Hier zieht es keine Frau her, allenfalls ein paar Single Männer gibt es hier, denen der Ruf seltsam anhaftet. Single Frauen? Sehr wenige, die halten sich in der Stadt auf, ein paar gibt es hier, die sich wieso auch immer hier her verirrt haben, aber die fahren morgens zum Job und kommen spät abends wieder und am Wochenende sind sie unterwegs, kommt man nicht ran.
Man hat hier auch kaum die Wahl, entweder man nimmt jeden Strohhalm an, den man bekommt, obs passt oder nicht, oder man bleibt sozial allein, das betrifft sowohl Freundschaften als auch Liebschaften.
Die Leute bei uns hier sind auch nicht offen, die kennen sich seit hundert Jahren und haben ihre Marslowsche Bedürfnispyramide gefüllt mit allem, was sie brauchen, wenn da ein Städter wie ich damals nach dem Studium zurück ins Kaff wandert, wird der nicht gebraucht, und man interessiert sich für den auch nicht. Ich habe nur fünf Jahre in der Stadt studiert und bin auch kein Stadtmensch, muss aber sagen, dass es damals nicht so schlimm war wie heute, damals gabs noch Kulturstätten, Clubs, Cafés .... alles verschwunden und ersetzt durch irgendwelche Franchise Unternehmen, und selbst die schließen nach und nach und es kommt statt Gastro Betrieb ein 1 Euro Artikel Shop hinein.
Mittlerweile bin ich persönlich auch zu faul jedes Wochenende mit dem Wagen 30 Min plus Parkplatzsuche in die City zu gurken um soziale Netzwerke aufzubauen, weil die Leute nie zu mir kamen und teils garkeinen Wagen hatten, also ich musste dann immer Taxifahrer spielen, wenn ich abends bei mir mal was veranstaltet habe, weil hier ab 22 Uhr kein Zug mehr zum Bahnhof fährt und S Bahn gibt es keine.
Alles nicht so einfach, was darauf hinaus lief, dass ich nie spontan oder flexibel auf einer Party sein konnte, immer noch ca 45 Fahrzeit einkalkulieren musste je nach Stadtviertel und irgendwann lösen sich so nach und nach die Fäden und man ist halt nicht mehr im Netz dabei, weil man einfach zu lange braucht um spontan und flexibel zu sein.

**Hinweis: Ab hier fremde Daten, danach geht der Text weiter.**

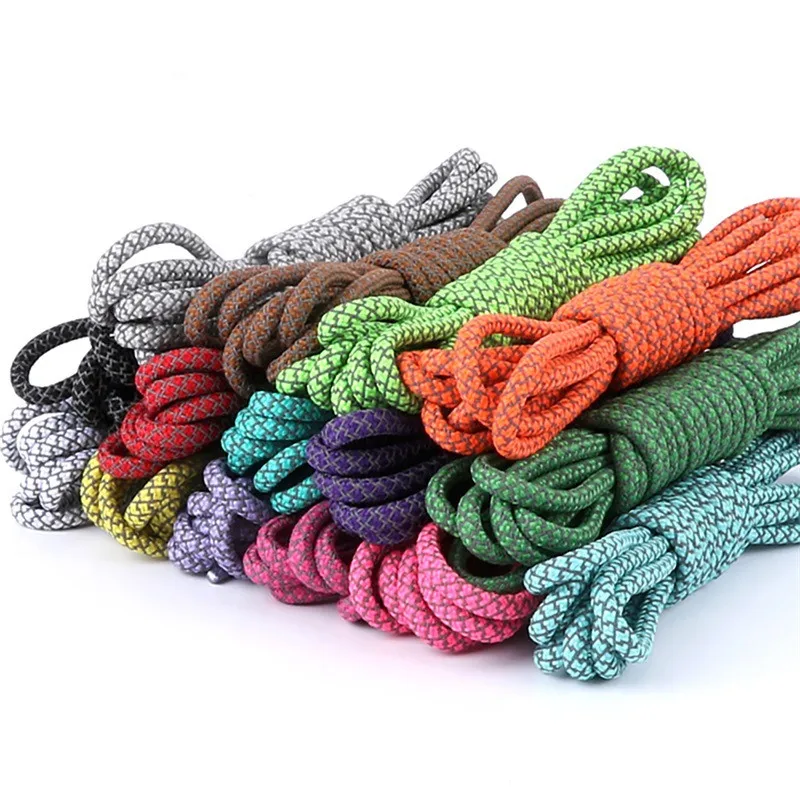 

1Pair 120CM Fluorescent Sneaker Shoestrings Sport Shoelaces 3M Reflective Round Rope Shoe Laces Light Shoelaces Hiking Jogging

Ich hab mich dran gewöhnt, meine Tage sind gut gefüllt durch Sport, Freunde vermisse ich trotzdem, aber inzwischen verzichte ich sogar auf Einladungen, wenn ich weiß, dass mir diese Einmaleffekte nichts bringen. Neulich hat mich ein Kollege zu einer Tapetenabrissparty eingeladen, er zieht weg aus der Stadt, sehr weit weg, ich bin nicht hin, weil ich keine Lust drauf hatte, die Leute dort waren alles Freunde aus seiner weit entfernten Heimat, ich wäge also heute sehr stark ab, ob ich nachhaltig was aufbauen kann oder nicht, früher bin ich zu jedem Event und jeder Party hin gegurkt, mache ich heute nicht mehr, weil da nichts hängen bleibt bei solchen Ich seh dich einmal im Leben und nie wieder- Aktionen.
Die Frauen, die bereit gewesen wäre mit mir hier ins Dorf zu ziehen oder zu mir zu ziehen wussten entweder nicht, worauf sie sich einlassen (wohnten noch daheim und hatten keinen Plan vom Leben) oder hatten die Familienplanung im Auge, was mir zu früh war nach kurzer Kennenlernzeit. Die Karriere Frauen sind alle in der Stadt unterwegs und wollen Dolce Vita Lifestyle leben und nicht erstmal 20min zur nächsten Bundesstraße über Kreisstrassen gurken.